All of Iowa's 21 points came off of turnovers, including a fumble recovery in the end zone. And even though the Hawkeyes' Heisman Trophy candidate Sedrick Shaw did run for 115 yards on 23 carries, Arizona allowed only 123 net yards rushing and 81 yards pa ssing for the game.

"We didn't stop them in the end, and that is obviously the key," Tomey said. "But we didn't play bad defense as a whole."

The UA defense also proved it could make big plays, sacking Iowa quarterback Matt Sherman six times and making 14 tackles for a loss.

In the third quarter, Salave'a sacked Sherman and forced a fumble that was scooped up by defensive tackle Steve Tafua and returned 20 yards. The play led to a 39-yard field goal by senior Matt Peyton. It also conjured images of the old defense.

"We made some big plays, but we have to make more of them if we want to win," Salave'a said.

The defense remains the heart and soul of the Wildcat philosophy. As has been common in the Tomey era at Arizona, UA won the coin toss but elected to put the defense on the field first.

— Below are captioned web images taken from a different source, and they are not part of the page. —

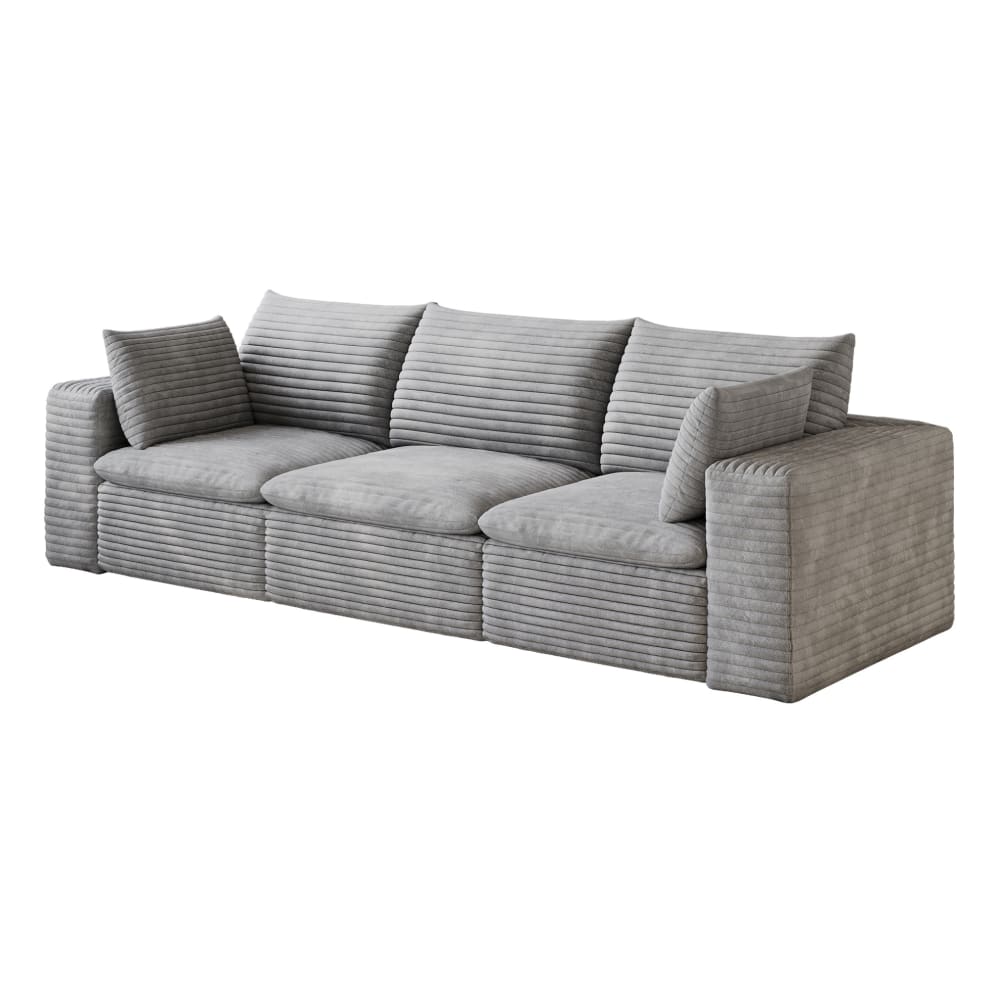Canapé modulaire gris - amovibles
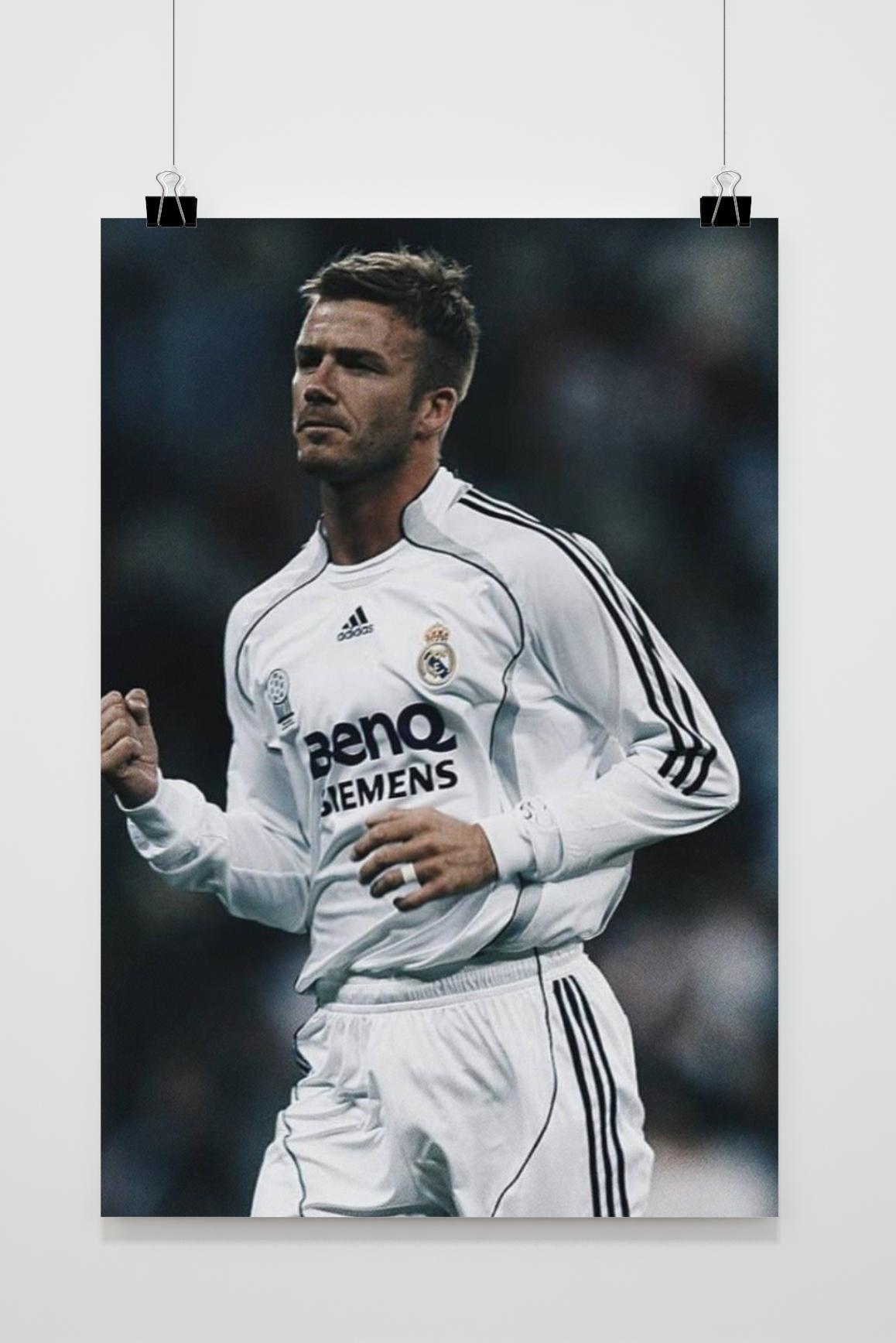 Affiche David Beckham Real Madrid de 25 Artstreet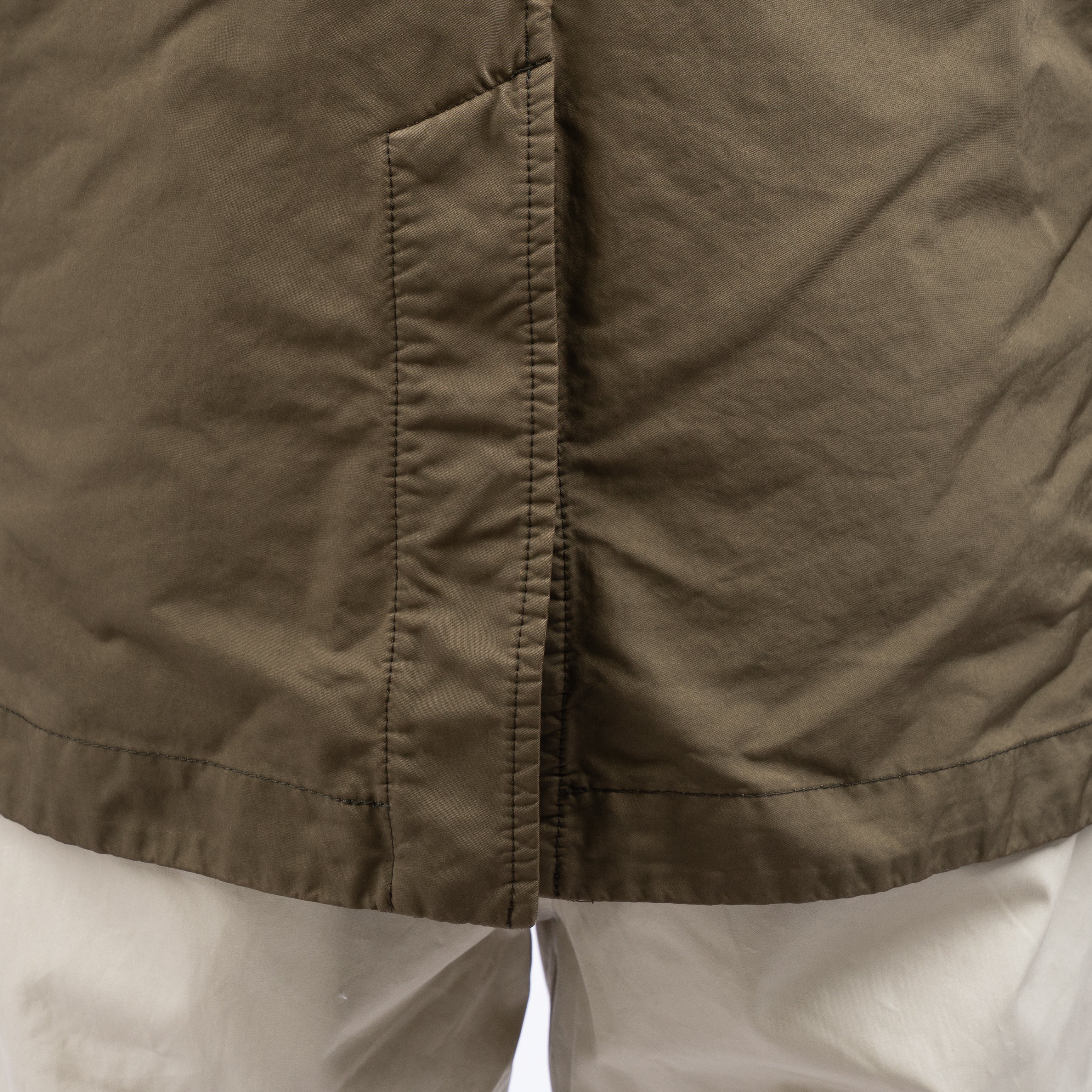 Stone Island Trench Coat Groen | Ghost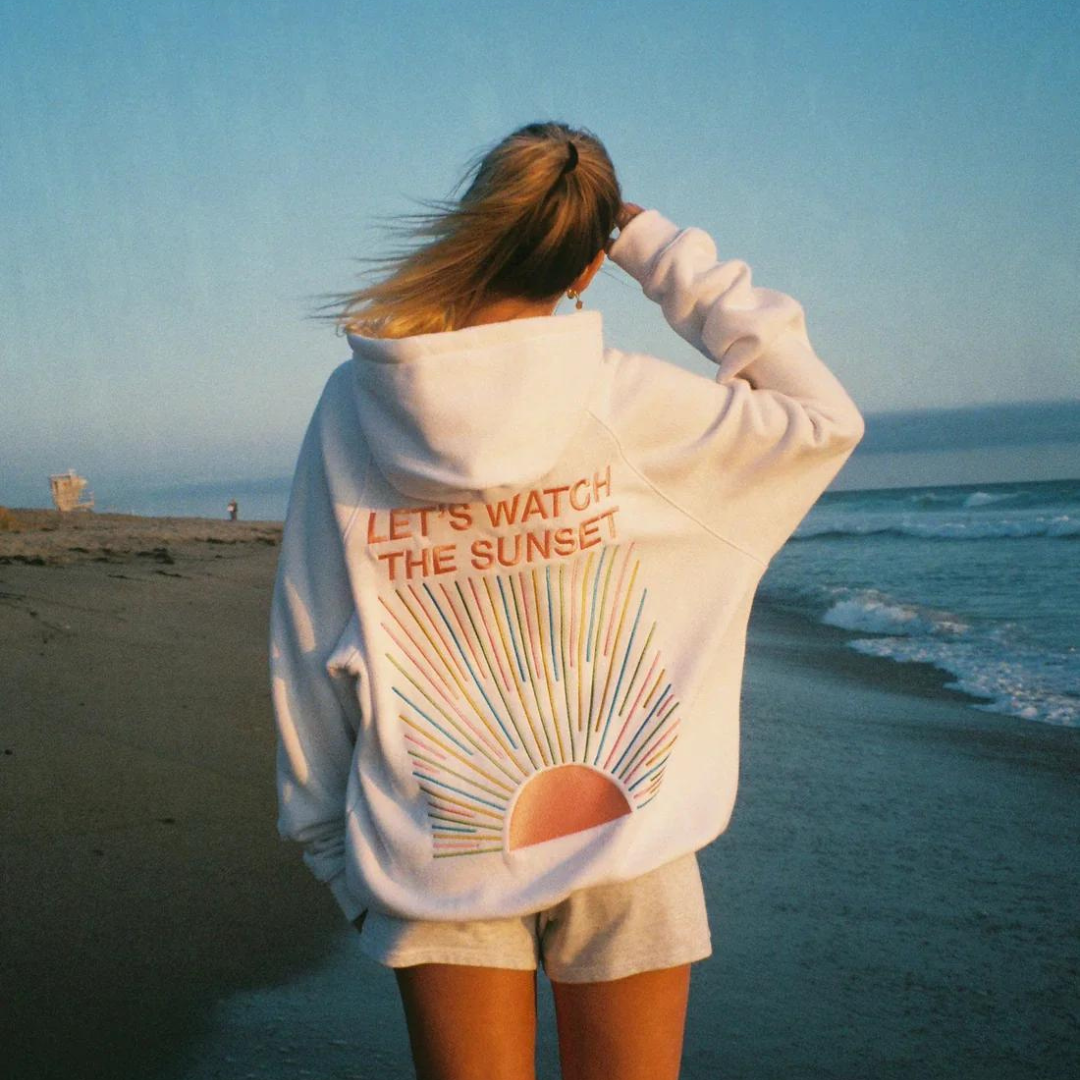 Dames Regular Fit Hoodie – Roze met tekstprint, met capuchon, casual streetwear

"We still know our defense can do the job," Tomey said. "We showed we had a better pass rush today, but we are still finding out about ourselves. The jury is still out on whether we have a good defense or not."

That means Arizona will have a lot to work on before entering Pacific 10 Conference play. The Wildcats will have to shore up their running game, continue to put pressure on the quarterback, and - most importantly - play big when it counts the most.

"We are really going to concentrate on getting better," UA linebacker Armon Williams said. "This is a game we could have had if we had done our jobs."